"Take me to Washington," he said, "I must work while there is time."

And there, lying in agony on his bed, for three weeks he dictated steadily to stenographers on a subject which required the utmost concentration. His indomitable will alone supported him, and a week after the last word had been written, came the end. Verily, there was a man!

The last of the great American astronomers whom we shall mention here is Edward Charles Pickering, whose name is so closely connected with the development of the great observatory at Harvard. Born at Boston, and educated at the Lawrence Scientific School, his first work was in the field of physics, but in 1876, he was appointed professor of astronomy and geodesy, and director of the Harvard observatory, which, under his management, has become of the first importance. His principal work has been the determination of the relative brightness of the stars, and many thousands have been charted. On the death of Henry Draper, the study of the spectra of the stars by means of photography was continued as a memorial to that great scientist, and the results obtained have been of the most important character, including a star map of the entire heavens. Other phases of the science of scarcely less importance have been carefully developed, and the work which has been done under Pickering's direction, is second to none in the history of the science. Not satisfied with the Northern hemisphere, a branch has been established in Peru, in which the observatory's methods of research have been extended to the south celestial pole. So for eighteen years and more, it has kept ceaseless watch of the heavens, with an accuracy of which the world has hardly a conception. For this great work the scientific world must pay tribute to the genius and perseverance of Edward Charles Pickering.

The second department of science claiming our attention is that of paleontology. Here one of the most eminent of American names is that of Othniel Charles Marsh. A graduate of Yale and firmly grounded in zoology and kindred sciences by a course of study at Heidelberg and Berlin, he returned to the United States in 1866 to accept the chair of paleontology which had been established for him at Yale. The remainder of his life was devoted to the original investigation of extinct vertebrates, especially in the Rocky Mountain regions. In these explorations, more than a thousand new species of extinct vertebrates were brought to light, many of which possess great scientific interest, representing new orders never before discovered in America. So important was this work that the national geological survey undertook the publication of his reports, which formed the most remarkable contributions to the subject ever written in this country, attracting the attention and admiration of the whole scientific world.

Associated with Marsh as paleontologist for the Geological Survey was Edward Drinker Cope, whose work was second only to the older man's in importance. He also devoted much of his attention to the exploration of the Rocky Mountain region, and found that there, in the strata of the ancient lake beds, records of the age of mammals had been made and preserved with a fulness surpassing that of any other known region on earth. The profusion of vertebrate remains brought to light was almost unbelievable. Prof. Marsh, who was first in the field, found three hundred new tertiary species between 1870 and 1876, besides unearthing the remains of two hundred birds with teeth, six hundred flying dragons, and fifteen hundred sea serpents, some of them sixty feet in length. In a single bed of rock not larger than a good sized lecture room, he found the remains of no less than one hundred and sixty mammals.

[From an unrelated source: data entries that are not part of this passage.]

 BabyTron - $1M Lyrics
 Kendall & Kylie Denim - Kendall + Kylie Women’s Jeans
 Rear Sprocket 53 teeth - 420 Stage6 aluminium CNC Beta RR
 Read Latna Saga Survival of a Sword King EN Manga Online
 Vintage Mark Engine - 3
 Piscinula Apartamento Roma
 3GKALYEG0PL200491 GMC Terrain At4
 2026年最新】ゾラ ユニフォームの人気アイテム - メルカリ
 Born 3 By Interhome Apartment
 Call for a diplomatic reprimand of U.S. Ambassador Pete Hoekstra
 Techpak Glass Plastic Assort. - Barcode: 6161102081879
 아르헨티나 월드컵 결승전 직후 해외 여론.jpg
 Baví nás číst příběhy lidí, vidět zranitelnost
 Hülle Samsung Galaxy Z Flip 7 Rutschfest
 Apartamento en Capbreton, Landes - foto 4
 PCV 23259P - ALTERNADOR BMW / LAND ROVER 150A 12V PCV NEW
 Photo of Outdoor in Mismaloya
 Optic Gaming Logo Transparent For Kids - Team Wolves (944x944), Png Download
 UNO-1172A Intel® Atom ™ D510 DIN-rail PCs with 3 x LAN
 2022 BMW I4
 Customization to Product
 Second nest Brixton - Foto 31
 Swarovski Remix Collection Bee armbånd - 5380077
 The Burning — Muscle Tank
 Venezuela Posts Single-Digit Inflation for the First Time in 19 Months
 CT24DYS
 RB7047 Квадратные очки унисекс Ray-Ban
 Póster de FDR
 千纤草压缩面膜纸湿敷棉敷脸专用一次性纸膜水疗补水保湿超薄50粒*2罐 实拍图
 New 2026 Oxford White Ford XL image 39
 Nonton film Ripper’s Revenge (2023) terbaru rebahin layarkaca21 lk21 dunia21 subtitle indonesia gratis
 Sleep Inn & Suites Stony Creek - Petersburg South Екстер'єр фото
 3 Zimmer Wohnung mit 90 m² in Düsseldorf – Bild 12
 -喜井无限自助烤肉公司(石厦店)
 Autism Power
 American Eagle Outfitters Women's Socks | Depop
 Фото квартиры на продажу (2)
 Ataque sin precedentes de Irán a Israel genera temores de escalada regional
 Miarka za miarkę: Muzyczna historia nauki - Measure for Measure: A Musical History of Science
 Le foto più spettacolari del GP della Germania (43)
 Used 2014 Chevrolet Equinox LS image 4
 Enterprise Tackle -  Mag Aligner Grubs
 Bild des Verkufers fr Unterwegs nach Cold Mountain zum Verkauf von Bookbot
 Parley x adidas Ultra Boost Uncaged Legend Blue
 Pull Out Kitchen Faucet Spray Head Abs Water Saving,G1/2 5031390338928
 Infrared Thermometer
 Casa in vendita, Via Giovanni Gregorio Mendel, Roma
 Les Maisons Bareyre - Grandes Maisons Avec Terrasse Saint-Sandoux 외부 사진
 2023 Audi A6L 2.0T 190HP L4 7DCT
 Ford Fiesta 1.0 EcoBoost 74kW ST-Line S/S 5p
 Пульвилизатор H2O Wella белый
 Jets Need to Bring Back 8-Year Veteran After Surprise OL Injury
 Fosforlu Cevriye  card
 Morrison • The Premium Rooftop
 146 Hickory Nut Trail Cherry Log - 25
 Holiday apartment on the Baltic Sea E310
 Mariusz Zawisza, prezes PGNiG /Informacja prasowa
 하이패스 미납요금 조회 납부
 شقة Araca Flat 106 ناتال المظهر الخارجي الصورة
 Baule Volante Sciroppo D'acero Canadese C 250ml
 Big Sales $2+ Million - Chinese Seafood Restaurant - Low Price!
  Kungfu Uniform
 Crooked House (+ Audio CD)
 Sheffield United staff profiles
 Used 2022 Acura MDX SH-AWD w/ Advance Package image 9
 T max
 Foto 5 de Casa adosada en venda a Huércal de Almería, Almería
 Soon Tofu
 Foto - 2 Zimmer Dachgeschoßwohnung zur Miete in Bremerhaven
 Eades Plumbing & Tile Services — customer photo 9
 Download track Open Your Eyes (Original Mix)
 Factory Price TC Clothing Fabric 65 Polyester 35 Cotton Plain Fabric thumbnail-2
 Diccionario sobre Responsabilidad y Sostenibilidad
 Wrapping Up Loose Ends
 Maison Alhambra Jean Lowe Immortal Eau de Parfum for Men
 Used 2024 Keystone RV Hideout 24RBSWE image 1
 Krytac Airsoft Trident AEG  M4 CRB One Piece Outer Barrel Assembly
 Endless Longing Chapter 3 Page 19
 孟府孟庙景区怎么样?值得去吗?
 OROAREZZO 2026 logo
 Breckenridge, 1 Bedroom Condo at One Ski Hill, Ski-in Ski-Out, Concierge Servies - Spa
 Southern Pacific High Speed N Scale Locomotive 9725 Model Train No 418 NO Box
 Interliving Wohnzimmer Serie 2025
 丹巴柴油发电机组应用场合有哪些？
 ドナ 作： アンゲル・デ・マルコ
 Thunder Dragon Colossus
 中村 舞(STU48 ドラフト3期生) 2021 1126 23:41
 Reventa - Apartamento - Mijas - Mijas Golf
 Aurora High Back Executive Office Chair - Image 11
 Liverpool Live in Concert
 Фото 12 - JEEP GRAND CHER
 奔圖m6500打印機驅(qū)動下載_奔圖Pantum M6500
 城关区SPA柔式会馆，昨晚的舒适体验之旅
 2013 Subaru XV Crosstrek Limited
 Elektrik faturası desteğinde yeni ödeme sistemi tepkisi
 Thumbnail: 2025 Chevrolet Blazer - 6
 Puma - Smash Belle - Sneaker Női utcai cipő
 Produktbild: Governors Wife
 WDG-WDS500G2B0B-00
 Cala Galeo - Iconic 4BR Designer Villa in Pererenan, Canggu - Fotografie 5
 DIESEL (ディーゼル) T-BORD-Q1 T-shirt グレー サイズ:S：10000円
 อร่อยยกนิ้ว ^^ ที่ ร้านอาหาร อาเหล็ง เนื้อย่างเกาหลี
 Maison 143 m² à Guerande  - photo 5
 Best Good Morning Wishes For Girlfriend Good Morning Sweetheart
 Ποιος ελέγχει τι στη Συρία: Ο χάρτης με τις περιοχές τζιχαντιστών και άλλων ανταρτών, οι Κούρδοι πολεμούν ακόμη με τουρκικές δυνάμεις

It was this work which Prof. Cope took up and carried forward. Its importance may be appreciated when it is stated that among these remains are found examples of just such intermediate types of organisms as must have existed if the succession of life on the earth has been an unbroken lineal succession. Here are snakes with wings and legs, and birds with teeth and other snakelike characteristics, bridging the gap between modern birds and reptiles. The line of descent of the horse, the camel, the hippopotamus and other mammals has been traced to a single ancestor, the result being the proof of the theory of evolution.

The whole work of American paleontology has, of course, been along these lines. Agassiz himself was a living and vital force in it, as were such men as Joseph Leidy and H. F. Osborne.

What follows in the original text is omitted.